(Data to examine)

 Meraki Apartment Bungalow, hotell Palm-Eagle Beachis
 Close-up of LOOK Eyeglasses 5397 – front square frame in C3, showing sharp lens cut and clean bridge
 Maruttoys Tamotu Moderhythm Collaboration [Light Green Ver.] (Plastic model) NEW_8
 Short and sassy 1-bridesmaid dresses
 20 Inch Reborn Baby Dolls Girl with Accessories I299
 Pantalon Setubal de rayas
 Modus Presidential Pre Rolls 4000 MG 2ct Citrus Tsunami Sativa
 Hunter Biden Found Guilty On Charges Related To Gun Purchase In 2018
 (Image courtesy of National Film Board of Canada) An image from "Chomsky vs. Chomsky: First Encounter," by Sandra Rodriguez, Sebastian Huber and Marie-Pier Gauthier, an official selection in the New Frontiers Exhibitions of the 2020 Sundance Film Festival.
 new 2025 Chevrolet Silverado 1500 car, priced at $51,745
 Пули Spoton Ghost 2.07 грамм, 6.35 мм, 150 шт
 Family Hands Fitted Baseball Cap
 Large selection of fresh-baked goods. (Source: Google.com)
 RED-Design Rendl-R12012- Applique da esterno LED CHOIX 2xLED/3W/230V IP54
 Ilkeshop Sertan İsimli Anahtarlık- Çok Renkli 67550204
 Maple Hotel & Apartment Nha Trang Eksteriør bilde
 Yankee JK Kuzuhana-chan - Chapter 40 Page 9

(Task prompt) On how many lines above does the word "selection" appear? Only the number should be given.

(Task answer) 2